Except for these little guys
Some of these enemies, like the Amygdala, named after the part of our brain that controls fear and aggression, aren’t even visible to you at first, so if you happen to go into the wrong corner, you’ll mysteriously float up in the air and then die without even realizing what happened. In a way, it seems to symbolize our fear of the unknown. In order to actually see them you have to have a certain amount of insight, which governs the amount of inhuman knowledge you have acquired by exploring the game and defeating enemies.

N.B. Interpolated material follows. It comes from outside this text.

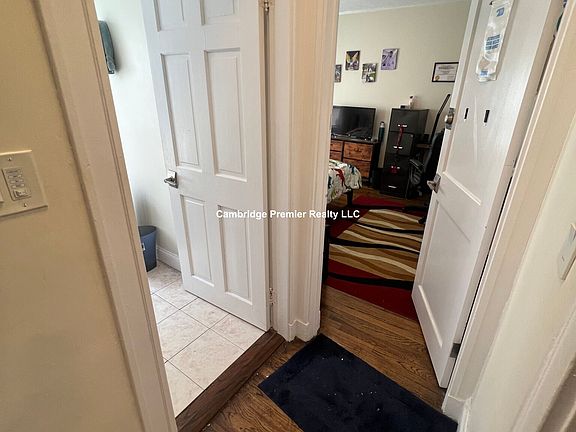 5th image of 117 Burget Ave #3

One other thing that Bloodborne does well is keeping our fear and stress constant,and as we explore deeper into the game’s world, the more on edge we get about an enemy unexpected coming at us as soon as we turn a corner. Bloodborne does an excellent job of keeping us on our toes. In this case, our fear helps us be prepared for something we may feel will happen in the near future. If players get defeated by a strong enemy, Bloodborne allows them to travel back to the closest save point to that enemy, and when they succeed at defeating it they can progress further into the game. The player has to have the courage to face that enemy again, and according to an article by the Huffington Post, fear and courage go together hand in hand and fears have to be faced head on for us to get past them.
There are five other ways fear can help us improve ourselves as well,and Bloodborne happens to connect to all of them. The first is that fear can indicate that you are learning something new, such as learning enemy placement and weaknesses. The second is that it can help confirm that you are outside of your comfort zone. In Bloodborne, you are expected to die an overwhelmingly large amount of times, so much that in the beginning of the game they pretty much make your character’s death mandatory at a point. Once you have finally adapted to an area, you progress to the next one without knowing how far you’ll get before getting defeated again. By doing this, Bloodborne constantly takes us out of our comfort zone as we progress further into the game. The third is giving us creative energy and ideas, if we want to learn how to defeat an enemy or boss without looking it up on the internet, we have to come up with fight strategies ourselves and see what works and what doesn’t. The two last reasons go together and are that fear can be a sign that you are doing something important to you and can cause you to act on something you know is important. If you’re having fun playing a video game like Bloodborne, then it’s probably somewhat important to you, and when you finally figure out a way to defeat a difficult enemy or boss, that fear cause you to act and avoid getting defeated for the umpteenth time.
Fear is meant to keep us safe, although we not only feel it when we are in danger, but also in situations where we feel uncomfortable. When we understand the difference, our fear can actually help us. Improving oneself requires getting out of our comfort zone and getting into situations that may scare us or make us uncomfortable, but once we’ve adapted it can help lead us to improving the quality of our lives.